Solving \(D_{\rho }{\mathcal {L}}({\bar{\rho }},{\bar{w}},q_1,q_2)\rho =0\) for all \(\rho \) such that \(\rho (\mathbf {x},0)=0\) gives that: with further boundary terms which are eliminated through relating \(q_1\) and \(q_2\). This then leads to the adjoint problem:

$$\begin{aligned} \begin{aligned} \ {\mathcal {D}}_s^*(q)+\widetilde{{\mathcal {I}}}^*(\rho ,q)={}&\rho -{\widehat{\rho }}\quad \text {on }\Omega \times (0,T), \\ \ q={}&0\quad \quad \text {at }t=T, \\ \ q={}&0\quad \quad \text {on }\partial \Omega \times (0,T), \end{aligned} \end{aligned}$$
(3.5)

where

$$\begin{aligned} \ {\mathcal {D}}_s^*(q):=-\partial _{t}q-\nabla ^{2}q+\nabla {}V_{\text {ext}}\cdot \nabla q. \end{aligned}$$

Searching for the stationary point upon differentiation with respect to w, using similar working as above, gives:

$$\begin{aligned} \ D_w{\mathcal {L}}({\bar{\rho }},{\bar{w}},q_1,q_2)w=\beta \int _0^T\int _{\Omega }{\bar{w}}w~\mathrm{d} \mathbf {x}\mathrm{d}t+\int _0^T\int _{\Omega }{\bar{w}}q_1~\mathrm{d} \mathbf {x}\mathrm{d}t, \end{aligned}$$

leading to the gradient equation:

$$\begin{aligned} \ \beta {}w+q=0. \end{aligned}$$
(3.6)

To summarize, the complete first-order optimality system for the problem (2.5), with the Dirichlet boundary condition \(\rho =c\), includes the PDE constraint itself, the adjoint problem (3.5), and the gradient equation (3.6).

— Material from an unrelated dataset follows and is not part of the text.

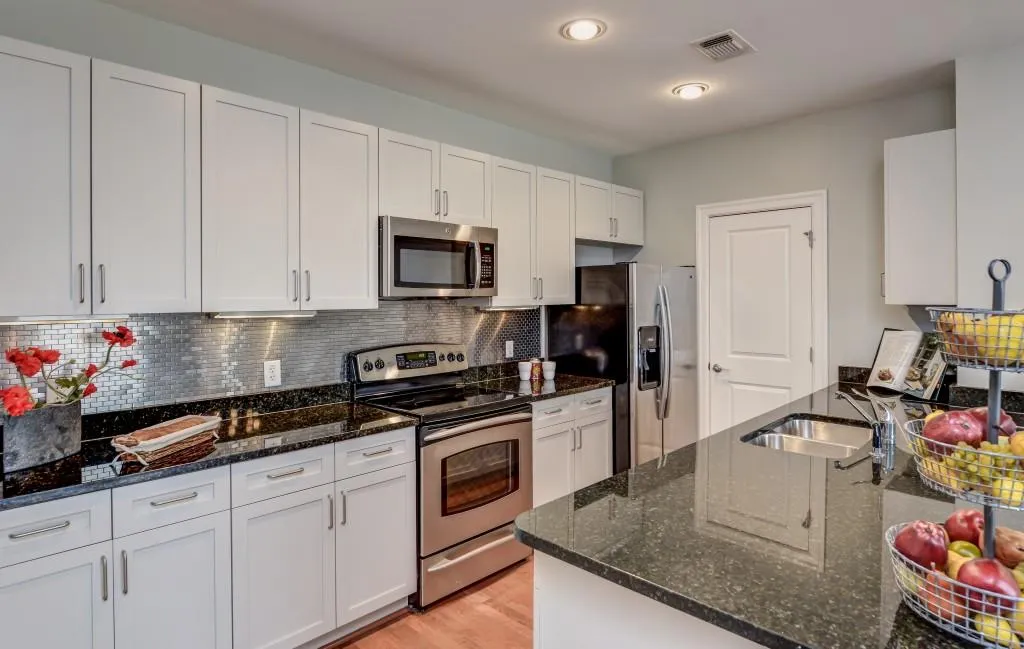 325 E Paces Ferry Road Ne Unit 1101, Atlanta, Georgia 30305, 2 Bedrooms Bedrooms, ,2 BathroomsBathrooms,Residential,Sold,325 E Paces Ferry Road Ne Unit 1101,5778132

3.4 Source control with no-flux type boundary condition

Applying the same working to problem (2.5) with no-flux boundary condition (2.6), the Lagrangian is given by:

$$\begin{aligned} {\mathcal {L}}(\rho ,w,q_1,q_2)={\mathcal {J}}(\rho ,w)&{}-\int _0^T\int _{\Omega }\left( {\mathcal {D}}_s(\rho ,w)-\nabla _{\mathbf {x}}\cdot {\mathcal {I}}(\rho )-f\right) q_1~\mathrm{d} \mathbf {x}\mathrm{d}t \\&-\int _0^T\int _{\partial \Omega }\left( {\mathcal {N}}_s(\rho )+{\mathcal {I}}(\rho )\cdot \mathbf {n}\right) q_2~\mathrm{d}s\mathrm{d}t. \end{aligned}$$

Applying the same reasoning as above then leads to the adjoint problem:

$$\begin{aligned} \ {\mathcal {D}}_s^*(q)+\widetilde{{\mathcal {I}}}^*(\rho ,q)={}&\rho -{\widehat{\rho }}\quad \text {on }\Omega \times (0,T), \\ \ q={}&0\quad \quad \text {at }t=T, \\ \frac{\partial {}q}{\partial {}n}={}&0\quad \quad \text {on }\partial \Omega \times (0,T), \end{aligned}$$

along with the state equation as in (2.5), and the gradient equation (3.6).

4 Numerical method for the optimization model

In this section we describe the structure of our algorithm for the PDE-constrained optimization models under consideration. After describing a pseudospectral method for the PDE constraints (the forward problem), and the adjoint equations, we outline the optimization solvers to be applied numerically, and detail the measures of accuracy that we will employ in our numerical tests. We emphasize that the structure of our algorithm is independent of the choice of solvers in each step, for example, the pseudospectral method in space may be replaced by finite differences or finite elements for problems with non-smooth solutions. To highlight this we will describe two different choices of solver for the optimization stage. Additionally, through the combination of 2DChebClass [40] and a fixed-point or (spectral-in-time) Newton–Krylov solver, one may enforce essentially arbitrary boundary conditions, such as non-local Robin type, with no additional cost to the user. This contrasts with traditional ‘boundary bordering’ approaches [14], for which significant analytical work is often required to derive the correct matrices to impose the boundary conditions (see below). These properties make the numerical method introduced in the present work highly versatile.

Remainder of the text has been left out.